BEGIN
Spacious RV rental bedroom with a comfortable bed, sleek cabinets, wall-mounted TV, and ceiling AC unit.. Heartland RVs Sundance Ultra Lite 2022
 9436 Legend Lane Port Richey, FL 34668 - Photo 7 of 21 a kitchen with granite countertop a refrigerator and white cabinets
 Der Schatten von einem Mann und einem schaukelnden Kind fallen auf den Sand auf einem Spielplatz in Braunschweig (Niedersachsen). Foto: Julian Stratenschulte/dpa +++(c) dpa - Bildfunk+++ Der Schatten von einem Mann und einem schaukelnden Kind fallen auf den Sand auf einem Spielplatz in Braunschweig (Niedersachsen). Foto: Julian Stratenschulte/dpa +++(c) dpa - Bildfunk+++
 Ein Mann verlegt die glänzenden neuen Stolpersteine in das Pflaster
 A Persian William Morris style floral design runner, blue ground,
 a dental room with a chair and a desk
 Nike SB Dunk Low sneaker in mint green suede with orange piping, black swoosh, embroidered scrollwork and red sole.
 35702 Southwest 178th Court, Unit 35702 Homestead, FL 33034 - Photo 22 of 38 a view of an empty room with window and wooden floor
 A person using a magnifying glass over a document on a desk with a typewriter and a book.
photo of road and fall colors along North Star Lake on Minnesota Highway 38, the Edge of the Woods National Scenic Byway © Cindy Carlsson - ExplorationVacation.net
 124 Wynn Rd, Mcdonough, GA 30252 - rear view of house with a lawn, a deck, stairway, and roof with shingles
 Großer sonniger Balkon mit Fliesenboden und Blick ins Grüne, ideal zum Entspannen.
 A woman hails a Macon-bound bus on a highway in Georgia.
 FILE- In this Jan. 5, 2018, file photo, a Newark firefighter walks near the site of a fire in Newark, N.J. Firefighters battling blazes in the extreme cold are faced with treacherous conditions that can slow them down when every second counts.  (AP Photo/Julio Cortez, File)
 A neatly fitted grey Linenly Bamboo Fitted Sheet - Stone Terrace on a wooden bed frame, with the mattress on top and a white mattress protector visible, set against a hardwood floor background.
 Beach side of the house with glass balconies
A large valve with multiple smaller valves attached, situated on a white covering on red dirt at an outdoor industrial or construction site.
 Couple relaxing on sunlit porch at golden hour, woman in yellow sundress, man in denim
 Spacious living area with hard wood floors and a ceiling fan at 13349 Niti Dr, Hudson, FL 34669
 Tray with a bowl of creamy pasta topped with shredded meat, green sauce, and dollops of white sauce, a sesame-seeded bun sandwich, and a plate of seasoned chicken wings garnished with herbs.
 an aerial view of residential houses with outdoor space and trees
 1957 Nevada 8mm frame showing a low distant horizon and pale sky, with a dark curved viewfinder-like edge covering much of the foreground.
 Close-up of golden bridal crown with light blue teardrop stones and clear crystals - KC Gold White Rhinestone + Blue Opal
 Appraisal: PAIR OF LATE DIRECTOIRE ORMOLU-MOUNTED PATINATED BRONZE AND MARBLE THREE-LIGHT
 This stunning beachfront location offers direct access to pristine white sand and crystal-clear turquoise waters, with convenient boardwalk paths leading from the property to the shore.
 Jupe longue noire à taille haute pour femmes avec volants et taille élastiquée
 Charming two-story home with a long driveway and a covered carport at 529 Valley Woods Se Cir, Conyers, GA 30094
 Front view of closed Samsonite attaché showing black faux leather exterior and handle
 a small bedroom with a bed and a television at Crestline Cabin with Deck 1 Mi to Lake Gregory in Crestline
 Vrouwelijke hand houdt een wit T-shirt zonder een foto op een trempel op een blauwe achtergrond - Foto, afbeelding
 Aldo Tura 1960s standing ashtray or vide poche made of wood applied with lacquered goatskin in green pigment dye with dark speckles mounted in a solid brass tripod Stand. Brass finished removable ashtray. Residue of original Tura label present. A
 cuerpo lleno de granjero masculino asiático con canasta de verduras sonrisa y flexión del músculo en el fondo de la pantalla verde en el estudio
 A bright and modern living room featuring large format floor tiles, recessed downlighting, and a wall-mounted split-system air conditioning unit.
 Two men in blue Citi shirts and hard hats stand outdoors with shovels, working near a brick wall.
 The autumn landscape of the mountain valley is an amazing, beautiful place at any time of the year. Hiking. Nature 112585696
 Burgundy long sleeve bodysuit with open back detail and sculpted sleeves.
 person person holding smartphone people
END
What to do
Output exactly what runs from the line with "The autumn landscape" to the final line above, both lines included, and nothing else.

Completed task
 The autumn landscape of the mountain valley is an amazing, beautiful place at any time of the year. Hiking. Nature 112585696
 Burgundy long sleeve bodysuit with open back detail and sculpted sleeves.
 person person holding smartphone people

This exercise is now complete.